Sur un mode plus léger cette scrutation du ciel est l’objet des Contes d’Images , installations à ciel ouvert présentées à Clervaux sur le mode scientifique des images de la recherche spatiale de Vincent Fournier, ou des approches poétiques de Corinne Mercadier et humoristiques de Janne Lehtinen et ses Sacred Birds. La menace reprend sa forme technologique avec les avions de combat deValentin Vallhonrat qui servent d’affiche à la manifestation.«
La question de l’émigration est abordée par plusieurs projets, ceux réunis par Alessandra Capodaqua autour du concept de Shifts opposent les cieux imaginaires des espaces individuels de poussières devenues cosmos de Stefano Parrini au vision en plongée des files d’attente d’émigrés sur leurs chemins vers une liberté rêvée, des images devenues presque abstraites sous l’objectif de Rocco Rorndelli. Au Centre des Arts Pluriel Ettelbruck Carine et Elisabeth krecké utilisent quant à elles Google view pour scénariser ces « Displacements » et leur « Pérégrinations ».
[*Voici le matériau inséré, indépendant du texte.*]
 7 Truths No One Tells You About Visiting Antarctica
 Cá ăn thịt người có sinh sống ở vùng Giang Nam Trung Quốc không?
A partir de l’hommage à son père déporté résistant Christian Gattinoni appelle à redonner visage sinon identité à toutes sortes de victimes anonymes du XX° siècle. Accueilli dans le cadre prestigieux du cloître de l’Abbaye de Neimenster qui fut aussi le site de la prison du Grund d’où partirent tant de déportés luxembourgeois cet ensemble nous invite à activer la mémoire pour lutter contre tous les fascismes aujourd’hui de nouveau si actifs en Europe.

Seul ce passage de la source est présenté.